What is wanted is every line below from the one with "Erzincan'da Öğrencilere Polislerden" up to and including the one with "莲蓉肉松蛋黄酥的做法图解14", retyped exactly, pictures excluded, nothing else.

◆ DATA TO USE:

★ ★ ★ ★ ★ ★ ★

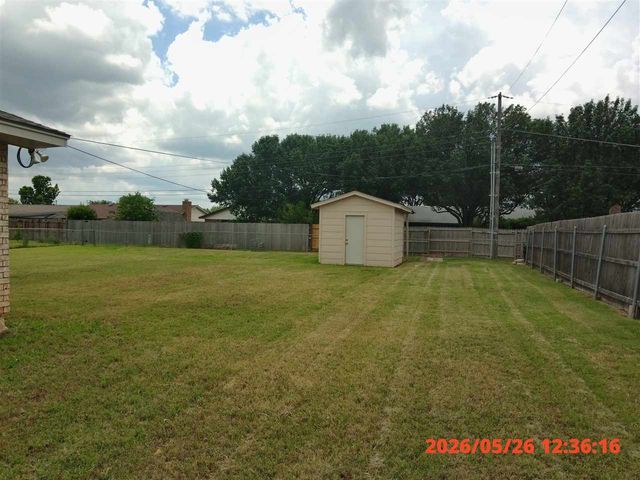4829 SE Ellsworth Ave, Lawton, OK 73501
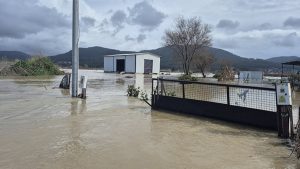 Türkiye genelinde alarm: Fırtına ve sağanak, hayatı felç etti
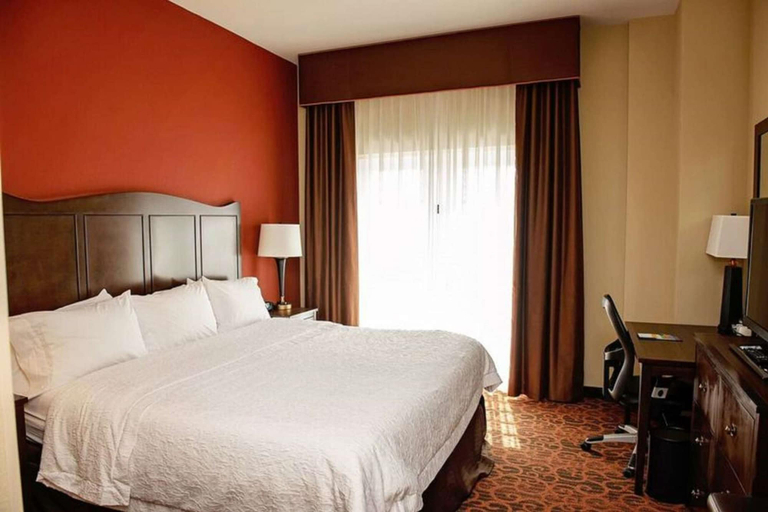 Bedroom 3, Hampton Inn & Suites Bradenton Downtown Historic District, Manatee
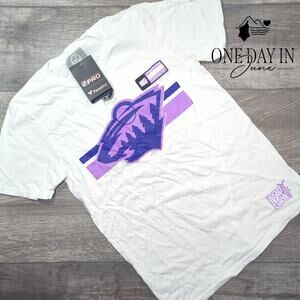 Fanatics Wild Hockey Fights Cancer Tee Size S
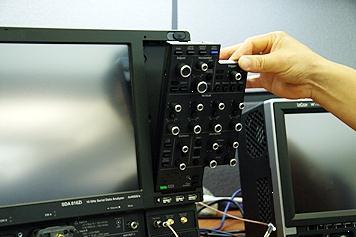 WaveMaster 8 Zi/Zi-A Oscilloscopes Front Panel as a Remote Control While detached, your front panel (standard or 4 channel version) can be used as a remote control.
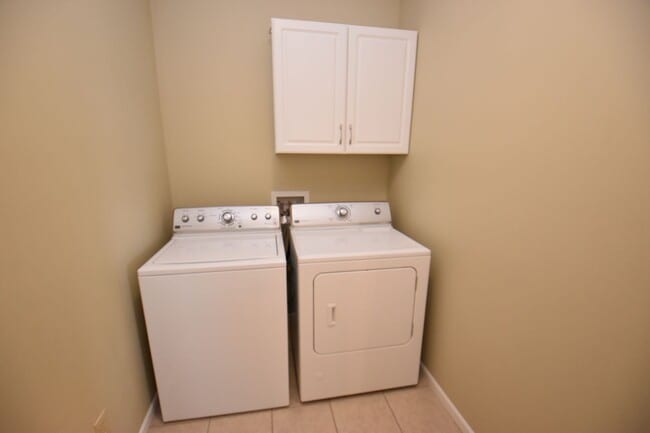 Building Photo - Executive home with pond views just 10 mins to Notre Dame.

★ ★ ★ ★ ★ ★ ★

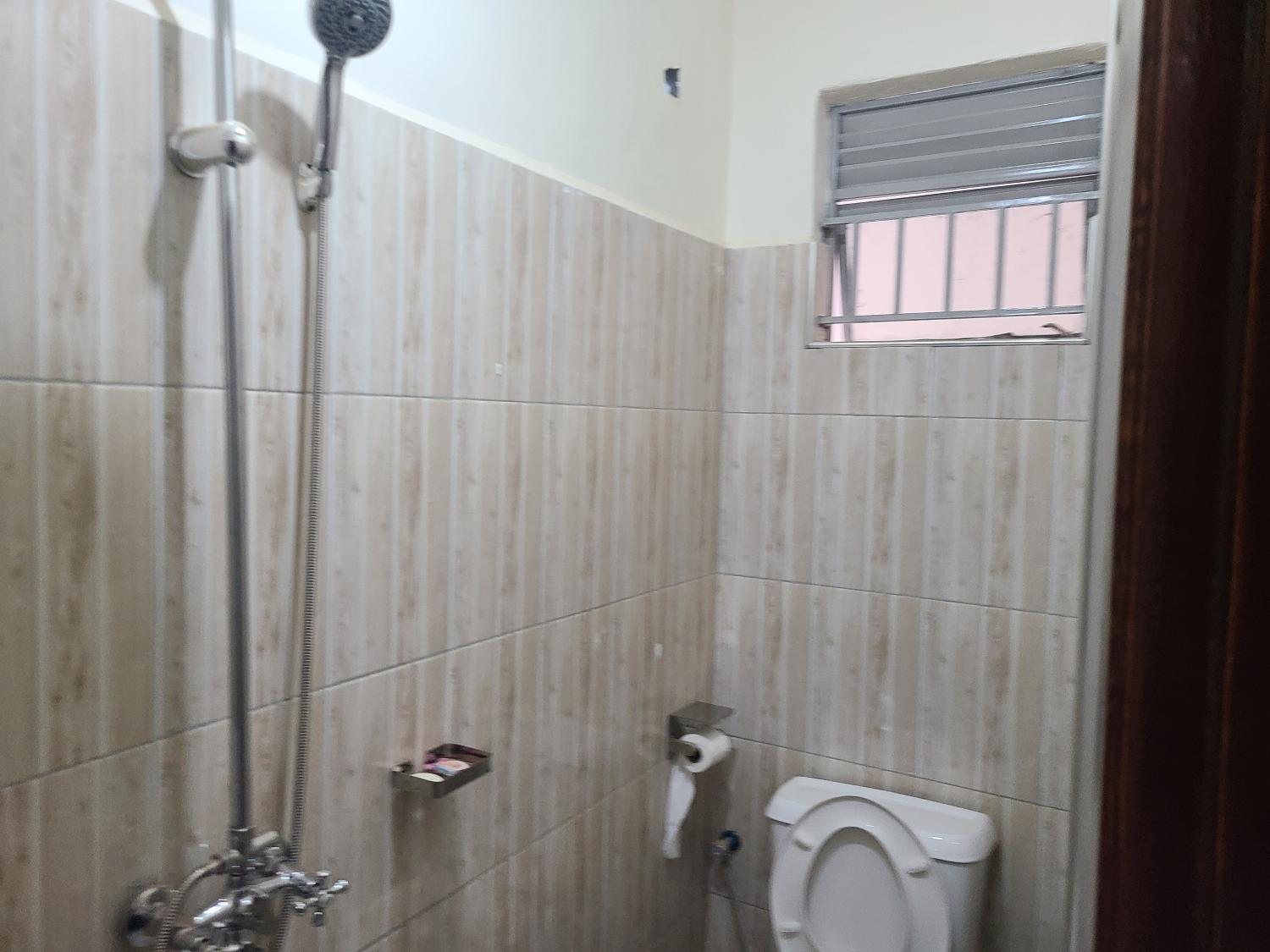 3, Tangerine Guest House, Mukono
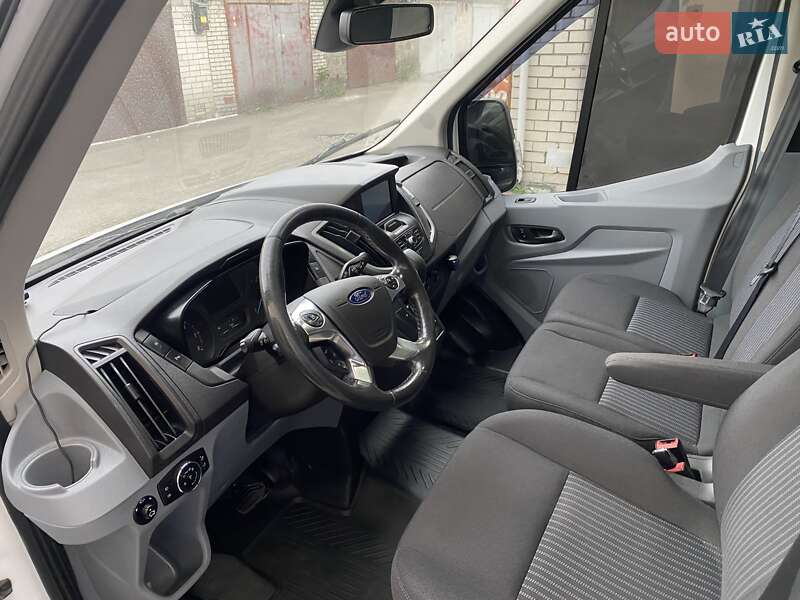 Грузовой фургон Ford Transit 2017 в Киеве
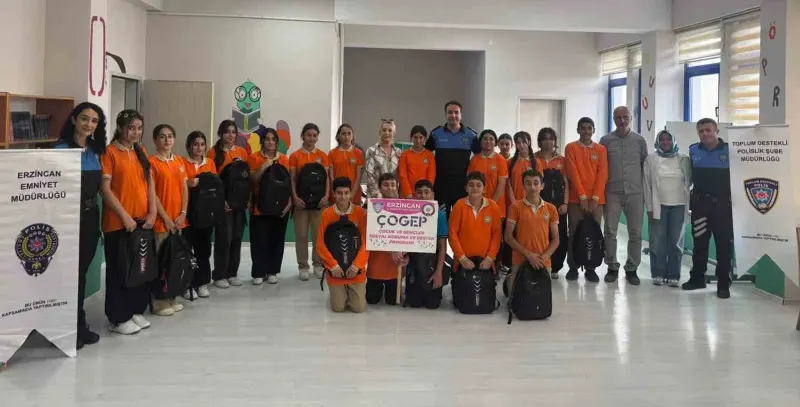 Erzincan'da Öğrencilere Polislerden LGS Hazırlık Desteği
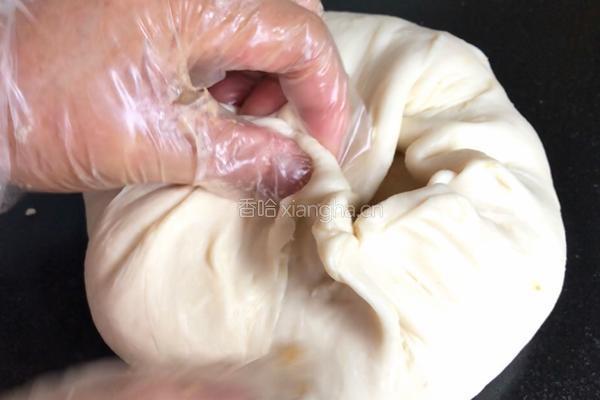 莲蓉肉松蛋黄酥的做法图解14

★ ★ ★ ★ ★ ★ ★

◆ TASK ANSWER:
 Erzincan'da Öğrencilere Polislerden LGS Hazırlık Desteği
 莲蓉肉松蛋黄酥的做法图解14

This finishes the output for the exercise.